Door botsende-deeltjesmodel:
Temperatuur:
- Hogere temperatuur laat de deeltjes sneller bewegen. Hierdoor grotere kans op botsingen en
meer kans op effectieve botsingen. (per 10 graden omhoog, reactiesnelheid verdubbeld.)
Concentratie:
- Hoe groter de concentratie, hoe meer deeltjes. Meer deeltjes is meer kans op
effectieve botsingen.
Verdelingsgraad:
- Als je meer oppervlakte hebt dan heb je dus ook meer deeltjes waardoor er meer kans is op
effectieve botsingen. (bij gassen en oplossingen is het al maximaal)
, Katalysator:
- Zorgt ervoor dat een reactie sneller verloopt of bij een lagere temperatuur.

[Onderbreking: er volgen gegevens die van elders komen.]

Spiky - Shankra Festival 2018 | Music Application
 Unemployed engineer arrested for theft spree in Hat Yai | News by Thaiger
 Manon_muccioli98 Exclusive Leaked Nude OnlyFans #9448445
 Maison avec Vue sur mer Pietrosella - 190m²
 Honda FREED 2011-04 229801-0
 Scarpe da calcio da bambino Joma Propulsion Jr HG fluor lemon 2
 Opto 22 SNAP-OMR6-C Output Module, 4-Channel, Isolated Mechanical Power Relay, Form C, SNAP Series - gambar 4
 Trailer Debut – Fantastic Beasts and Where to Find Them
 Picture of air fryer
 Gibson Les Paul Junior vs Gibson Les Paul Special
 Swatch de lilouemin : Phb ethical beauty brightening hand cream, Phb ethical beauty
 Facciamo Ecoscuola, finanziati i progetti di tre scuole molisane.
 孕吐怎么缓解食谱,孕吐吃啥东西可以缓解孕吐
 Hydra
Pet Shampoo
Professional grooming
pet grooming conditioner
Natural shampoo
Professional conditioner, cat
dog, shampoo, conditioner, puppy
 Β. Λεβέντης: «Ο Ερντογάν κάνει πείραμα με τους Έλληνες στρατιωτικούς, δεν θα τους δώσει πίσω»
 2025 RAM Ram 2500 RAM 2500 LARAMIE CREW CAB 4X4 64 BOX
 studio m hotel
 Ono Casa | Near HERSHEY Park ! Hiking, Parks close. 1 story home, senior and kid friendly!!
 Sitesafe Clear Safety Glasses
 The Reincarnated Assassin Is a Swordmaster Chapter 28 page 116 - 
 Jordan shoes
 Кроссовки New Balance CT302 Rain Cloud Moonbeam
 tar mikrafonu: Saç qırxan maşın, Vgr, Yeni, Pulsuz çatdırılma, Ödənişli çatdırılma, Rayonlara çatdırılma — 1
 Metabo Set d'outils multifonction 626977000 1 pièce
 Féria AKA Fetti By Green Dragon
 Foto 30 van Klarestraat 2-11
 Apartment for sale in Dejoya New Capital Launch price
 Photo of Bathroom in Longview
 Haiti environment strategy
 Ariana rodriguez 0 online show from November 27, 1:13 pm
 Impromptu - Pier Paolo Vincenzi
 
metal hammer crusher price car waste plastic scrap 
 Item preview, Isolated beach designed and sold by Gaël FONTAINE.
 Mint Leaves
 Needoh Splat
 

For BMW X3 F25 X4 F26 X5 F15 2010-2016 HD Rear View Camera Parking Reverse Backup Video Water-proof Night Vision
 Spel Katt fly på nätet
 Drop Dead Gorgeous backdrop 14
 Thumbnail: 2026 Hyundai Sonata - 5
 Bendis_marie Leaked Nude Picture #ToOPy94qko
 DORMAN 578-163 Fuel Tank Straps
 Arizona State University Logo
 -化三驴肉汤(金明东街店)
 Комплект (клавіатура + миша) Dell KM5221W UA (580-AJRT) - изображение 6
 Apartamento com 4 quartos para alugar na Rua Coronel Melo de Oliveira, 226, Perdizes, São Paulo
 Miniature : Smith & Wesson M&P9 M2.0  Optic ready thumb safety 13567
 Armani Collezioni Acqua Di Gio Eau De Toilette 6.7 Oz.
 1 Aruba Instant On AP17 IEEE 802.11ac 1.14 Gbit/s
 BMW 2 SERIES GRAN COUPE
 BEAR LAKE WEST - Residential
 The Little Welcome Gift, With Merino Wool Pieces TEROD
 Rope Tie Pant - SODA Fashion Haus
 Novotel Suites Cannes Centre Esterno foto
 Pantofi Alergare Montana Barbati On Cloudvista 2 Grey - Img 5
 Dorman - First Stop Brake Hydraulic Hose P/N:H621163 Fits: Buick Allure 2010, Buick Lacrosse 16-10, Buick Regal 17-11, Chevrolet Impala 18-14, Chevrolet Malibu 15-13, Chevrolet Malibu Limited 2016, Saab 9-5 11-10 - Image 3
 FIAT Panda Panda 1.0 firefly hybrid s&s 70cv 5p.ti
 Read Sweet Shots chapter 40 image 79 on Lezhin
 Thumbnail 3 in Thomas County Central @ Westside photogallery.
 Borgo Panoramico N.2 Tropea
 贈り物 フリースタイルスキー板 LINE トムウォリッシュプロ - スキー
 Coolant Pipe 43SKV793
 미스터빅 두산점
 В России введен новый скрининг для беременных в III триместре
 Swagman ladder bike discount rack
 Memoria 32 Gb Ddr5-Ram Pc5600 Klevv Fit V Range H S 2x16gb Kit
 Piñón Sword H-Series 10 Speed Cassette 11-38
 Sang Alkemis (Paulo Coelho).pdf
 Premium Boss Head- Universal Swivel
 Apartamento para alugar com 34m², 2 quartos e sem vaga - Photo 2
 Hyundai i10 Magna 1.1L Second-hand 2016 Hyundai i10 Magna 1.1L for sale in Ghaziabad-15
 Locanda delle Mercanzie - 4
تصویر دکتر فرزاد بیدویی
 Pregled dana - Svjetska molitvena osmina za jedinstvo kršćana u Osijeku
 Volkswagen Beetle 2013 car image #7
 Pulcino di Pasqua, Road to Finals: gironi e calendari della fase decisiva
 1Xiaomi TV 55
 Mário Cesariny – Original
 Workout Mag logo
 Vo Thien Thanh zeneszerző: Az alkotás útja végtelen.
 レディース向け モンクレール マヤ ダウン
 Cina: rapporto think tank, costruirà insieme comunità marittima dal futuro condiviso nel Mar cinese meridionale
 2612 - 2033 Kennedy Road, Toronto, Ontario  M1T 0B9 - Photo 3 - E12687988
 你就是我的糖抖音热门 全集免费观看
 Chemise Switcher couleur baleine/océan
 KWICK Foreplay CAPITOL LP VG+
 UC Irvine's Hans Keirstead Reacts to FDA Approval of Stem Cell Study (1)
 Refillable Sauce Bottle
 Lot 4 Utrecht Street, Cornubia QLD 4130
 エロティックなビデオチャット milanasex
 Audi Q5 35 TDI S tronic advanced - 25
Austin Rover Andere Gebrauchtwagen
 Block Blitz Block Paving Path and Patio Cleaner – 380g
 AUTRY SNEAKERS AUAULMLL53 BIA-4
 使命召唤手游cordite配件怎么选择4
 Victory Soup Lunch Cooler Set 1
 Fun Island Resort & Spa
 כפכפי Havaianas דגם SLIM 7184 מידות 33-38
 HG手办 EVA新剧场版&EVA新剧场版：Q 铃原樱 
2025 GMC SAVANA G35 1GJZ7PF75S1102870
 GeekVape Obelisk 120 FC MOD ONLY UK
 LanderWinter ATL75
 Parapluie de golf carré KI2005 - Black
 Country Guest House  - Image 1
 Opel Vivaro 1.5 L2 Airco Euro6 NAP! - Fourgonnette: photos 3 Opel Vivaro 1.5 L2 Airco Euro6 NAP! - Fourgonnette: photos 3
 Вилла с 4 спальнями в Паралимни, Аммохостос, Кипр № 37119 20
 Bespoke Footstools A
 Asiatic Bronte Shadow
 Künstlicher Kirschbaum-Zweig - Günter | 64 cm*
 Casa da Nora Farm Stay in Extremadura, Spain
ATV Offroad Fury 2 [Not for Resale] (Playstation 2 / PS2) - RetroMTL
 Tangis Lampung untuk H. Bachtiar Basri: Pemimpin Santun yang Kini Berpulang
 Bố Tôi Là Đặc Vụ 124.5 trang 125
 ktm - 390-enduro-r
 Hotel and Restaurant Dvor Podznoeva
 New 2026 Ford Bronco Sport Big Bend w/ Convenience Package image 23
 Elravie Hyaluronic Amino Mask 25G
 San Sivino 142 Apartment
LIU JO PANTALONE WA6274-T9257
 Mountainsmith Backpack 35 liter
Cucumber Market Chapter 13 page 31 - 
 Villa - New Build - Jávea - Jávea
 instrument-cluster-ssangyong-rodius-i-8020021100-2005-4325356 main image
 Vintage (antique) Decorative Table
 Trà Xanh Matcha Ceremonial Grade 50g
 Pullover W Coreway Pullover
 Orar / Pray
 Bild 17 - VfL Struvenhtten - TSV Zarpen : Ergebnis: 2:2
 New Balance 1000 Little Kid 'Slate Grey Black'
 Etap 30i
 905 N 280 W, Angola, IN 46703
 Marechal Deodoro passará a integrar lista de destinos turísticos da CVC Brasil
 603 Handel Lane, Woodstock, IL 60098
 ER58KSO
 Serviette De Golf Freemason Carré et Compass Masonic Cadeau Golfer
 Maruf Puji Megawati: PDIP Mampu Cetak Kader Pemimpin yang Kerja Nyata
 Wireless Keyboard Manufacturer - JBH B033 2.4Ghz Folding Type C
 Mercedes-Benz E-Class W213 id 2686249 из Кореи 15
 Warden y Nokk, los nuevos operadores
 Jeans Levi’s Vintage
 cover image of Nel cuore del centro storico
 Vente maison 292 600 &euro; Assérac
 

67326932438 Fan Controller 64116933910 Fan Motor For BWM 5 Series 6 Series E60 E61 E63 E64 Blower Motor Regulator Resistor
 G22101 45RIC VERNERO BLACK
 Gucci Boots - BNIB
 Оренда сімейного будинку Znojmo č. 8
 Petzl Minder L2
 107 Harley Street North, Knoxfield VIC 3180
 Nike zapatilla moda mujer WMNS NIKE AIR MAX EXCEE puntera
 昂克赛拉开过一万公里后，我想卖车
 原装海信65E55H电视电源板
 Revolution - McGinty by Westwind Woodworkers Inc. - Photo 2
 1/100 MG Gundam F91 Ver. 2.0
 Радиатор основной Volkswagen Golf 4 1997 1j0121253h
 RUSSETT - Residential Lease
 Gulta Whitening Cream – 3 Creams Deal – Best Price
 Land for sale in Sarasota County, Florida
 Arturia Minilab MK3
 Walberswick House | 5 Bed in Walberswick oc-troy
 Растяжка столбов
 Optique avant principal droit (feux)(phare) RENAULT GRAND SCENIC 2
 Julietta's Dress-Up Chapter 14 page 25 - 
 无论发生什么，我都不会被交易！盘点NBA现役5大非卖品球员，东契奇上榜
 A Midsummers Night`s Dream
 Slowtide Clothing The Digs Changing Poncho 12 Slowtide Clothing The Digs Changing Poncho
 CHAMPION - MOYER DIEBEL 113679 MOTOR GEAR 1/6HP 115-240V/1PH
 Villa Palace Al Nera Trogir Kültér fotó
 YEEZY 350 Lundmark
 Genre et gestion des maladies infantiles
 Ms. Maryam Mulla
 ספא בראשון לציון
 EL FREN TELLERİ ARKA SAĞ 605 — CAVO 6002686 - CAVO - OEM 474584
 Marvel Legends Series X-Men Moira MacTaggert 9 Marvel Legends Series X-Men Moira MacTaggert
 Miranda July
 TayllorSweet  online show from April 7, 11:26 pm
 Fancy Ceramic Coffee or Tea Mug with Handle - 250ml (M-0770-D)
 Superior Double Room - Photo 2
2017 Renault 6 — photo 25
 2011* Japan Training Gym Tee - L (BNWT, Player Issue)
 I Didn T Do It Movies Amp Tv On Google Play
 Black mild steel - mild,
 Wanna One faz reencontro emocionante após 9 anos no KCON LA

Door katalysator
word de geactiveerde toestand eerder bereikt. Het verlaagt dus de activeringsenergie.
Soort stof:
- Verschillende stoffen hebben verschillende activering energieën.
Door activeringsenergie
9.2
Wet van behoud van energie: volgens de wet van behoud van energie kan energie nooit verdwijnen
of ontstaan. Je kunt ze alleen in elkaar omzetten. (energiebalans)
Bij alle processen treedt een energie-effect op, endotherm of exotherm.
Reactie-energie: de energie die vrijkomt of nodig is bij een chemische reactie. (ΔE) (reactiewarmte)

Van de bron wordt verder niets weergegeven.